Situé à environ 750 kilomètres au nord de Winnipeg, la York Factory a été fondée en 1684 par les Britanniques comme poste de traite des fourrures, à l’embouchure de la rivière Hayes, qui se jette dans la baie d’Hudson. Cet établissement a servi de quartier général à un vaste empire de commerce de la fourrure soutenu par la population autochtone, et de port où des millions de dollars en marchandises arrivaient au Canada ou en partaient. De 1812 jusqu’aux années 1850, il s’agissait aussi du principal port où arrivaient les immigrants à destination du centre et de l’ouest du Canada. La York Factory a été désignée lieu historique national en 1936 et a fermé ses portes en 1957.

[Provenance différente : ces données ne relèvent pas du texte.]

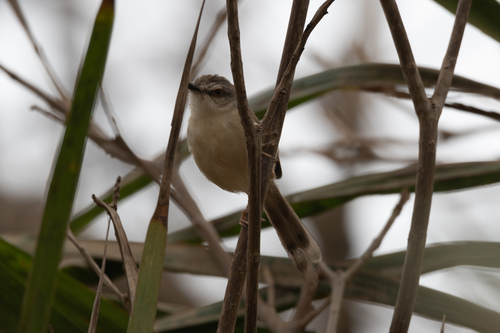 Subspecies Prinia subflava subflava · iNaturalist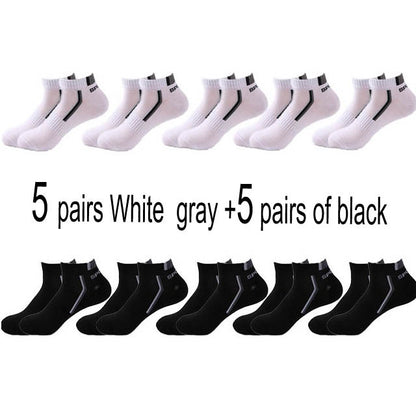 All-Season Performance Socks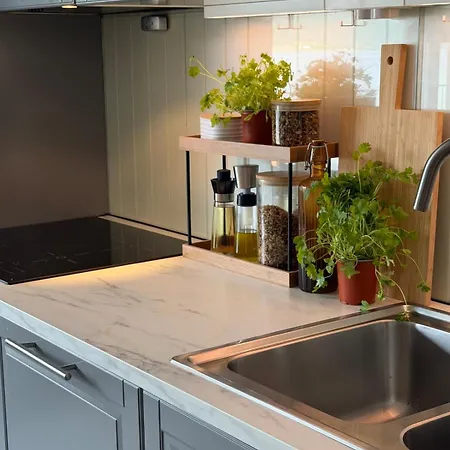 Apartment Modern Lakefront With View - Ev Plug Stryn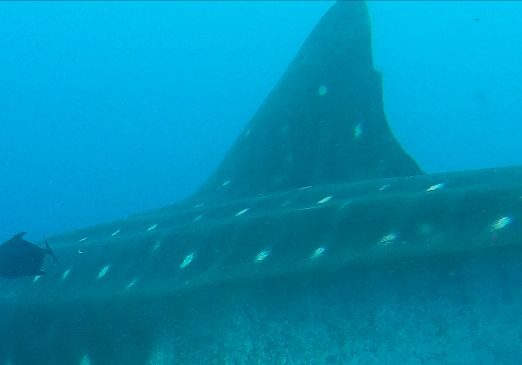 c03412aa-0f33-47ac-b75b-821081b2fa3e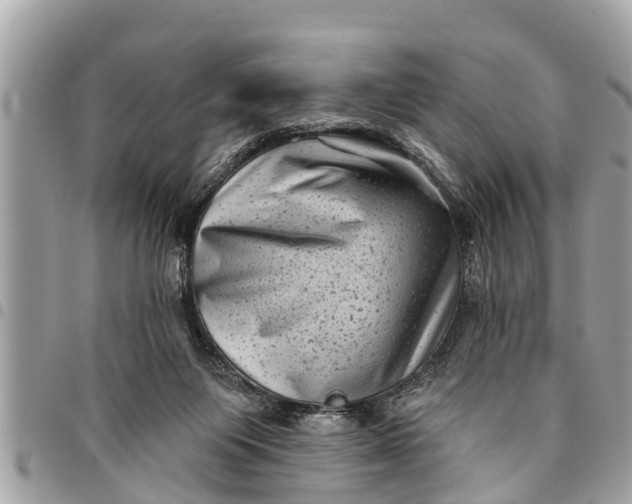 X0000094420119200711291559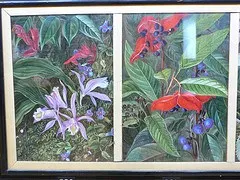 Paintings in the Marianne North Gallery at Kew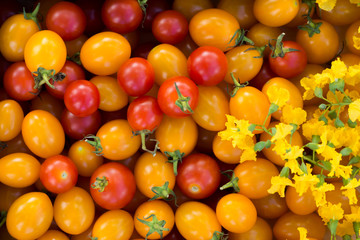 Small Red and Yellow tomato.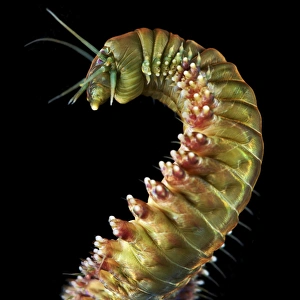 Annelid Worms Stampe: Ragworm C015 / 9357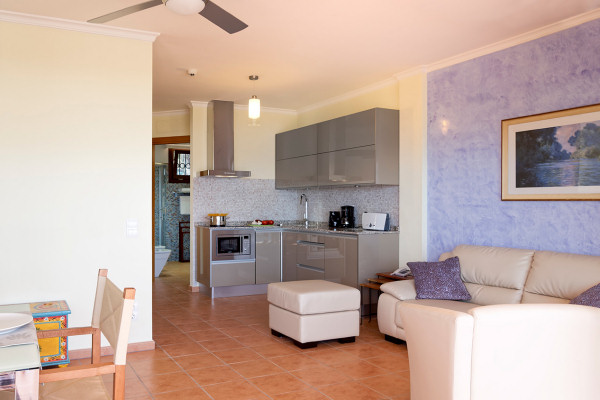 Typical living area and open-plan kitchen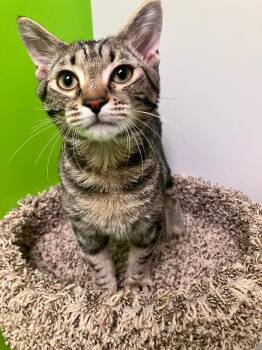 Albatross -  Domestic Short Hair Cat for Adoption in Jackson, Tennessee - Albatross | PetCurious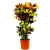 Купить Кротон Luxury Plants Миссис Айстон по низкой цене
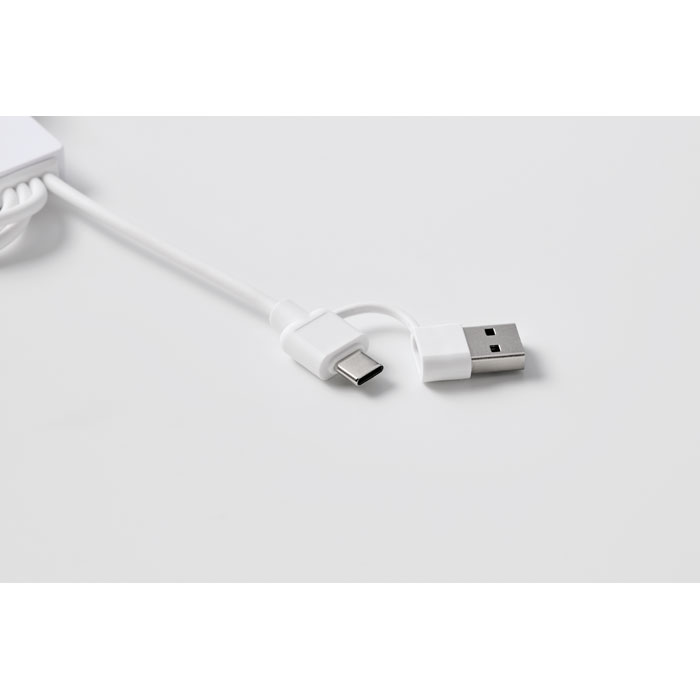 ICAB - 2in1 Ladekabel Typ-C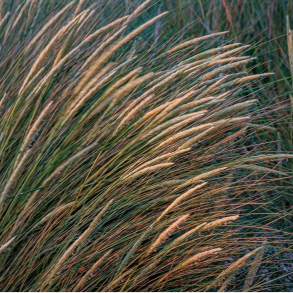 Ammophila arenaria - Sand hj�lme  Nordens marehalm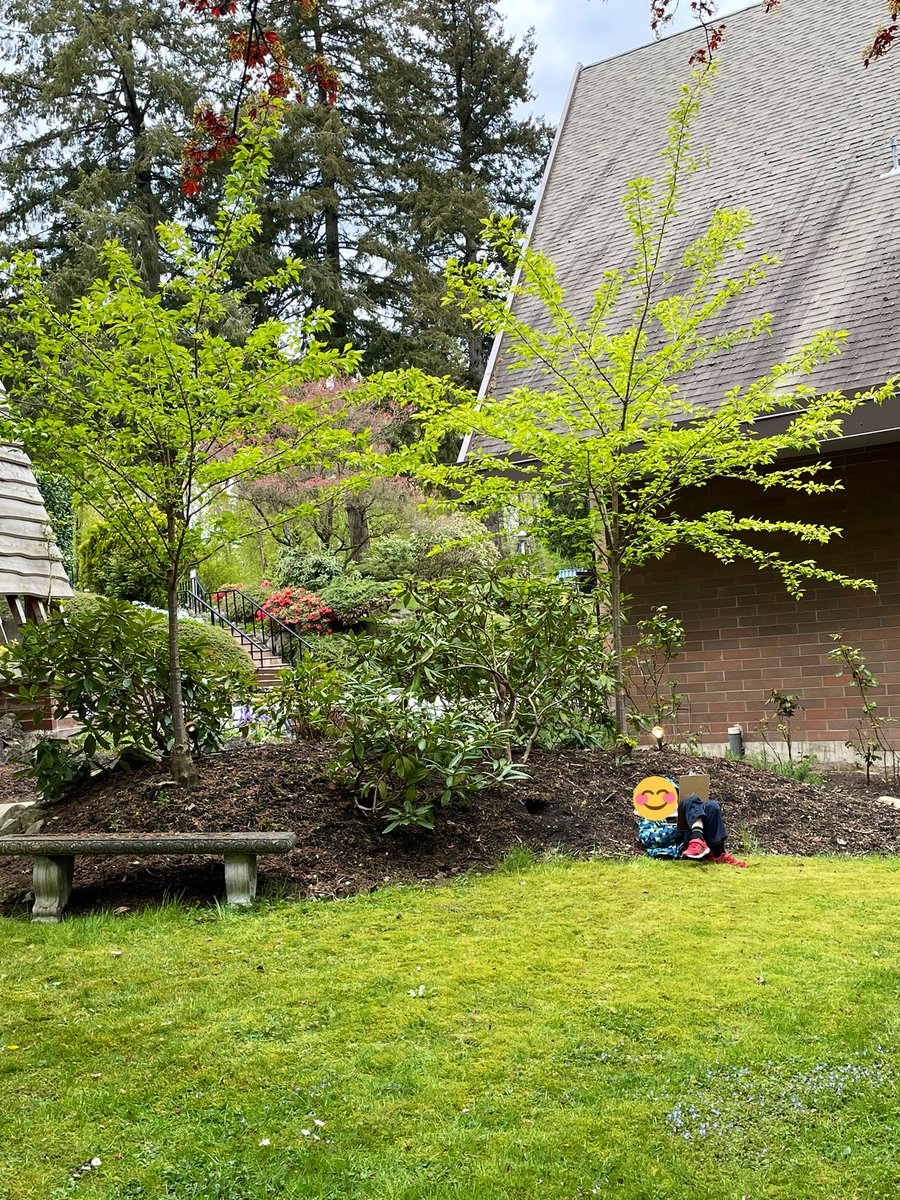 MsAlbertisClass's tweet image. Day 4 #walkingcurriculum challenge: Gratitude/5 senses walk - what can you hear, smell, see, feel and taste that you are grateful for?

Tout au long de son histoire, la York Factory a été importante pour les Autochtones locaux, dont le rôle était crucial pour la réussite du poste de traite, en raison de leur participation à titre de négociants, de pourvoyeurs et d’ouvriers. Les Premières Nations continuent à s’y rassembler tous les deux ans pour célébrer leur histoire, leur culture et leur attachement traditionnel à cet endroit.
Même si jadis 50 bâtiments occupaient le site York Factory, aujourd’hui, seulement quatre constructions ou aménagements restent visibles – le dépôt, la bibliothèque, ce qui reste d’un magasin de poudre et le cimetière. Tous ces éléments sont menacés par l’érosion due aux marées et par l’érosion des sols limoneux sur lesquels l’établissement est construit. L’emplacement repose aussi sur un pergélisol discontinu qui pourrait être en train de fondre. Si l’érosion se poursuit au rythme actuel, on estime que le dépôt—qui est le plus ancien bâtiment construit au Canada—ainsi que la plupart des ressources archéologiques, pourraient être emportés par la rivière Hayes d’ici 50 à 100 ans.
Dans le cadre du projet « Sauvons York Factory », le gouvernement du Canada cherche actuellement à améliorer le drainage superficiel et le drainage souterrain, à enlever les broussailles qui retiennent la neige et l’eau, pour que le site reste le plus sec possible et pour déterminer s’il est possible d’arrêter la dégradation du pergélisol. Une section de la rive a aussi été enrochée et garnie d’un revêtement de protection pour l’empêcher de s’affaisser davantage et pour ralentir la lente érosion causée par la rivière.
Les résultats de cette initiative continuent à être surveillés et un rapport, qui éclairera les futures décisions, est attendu en 2013.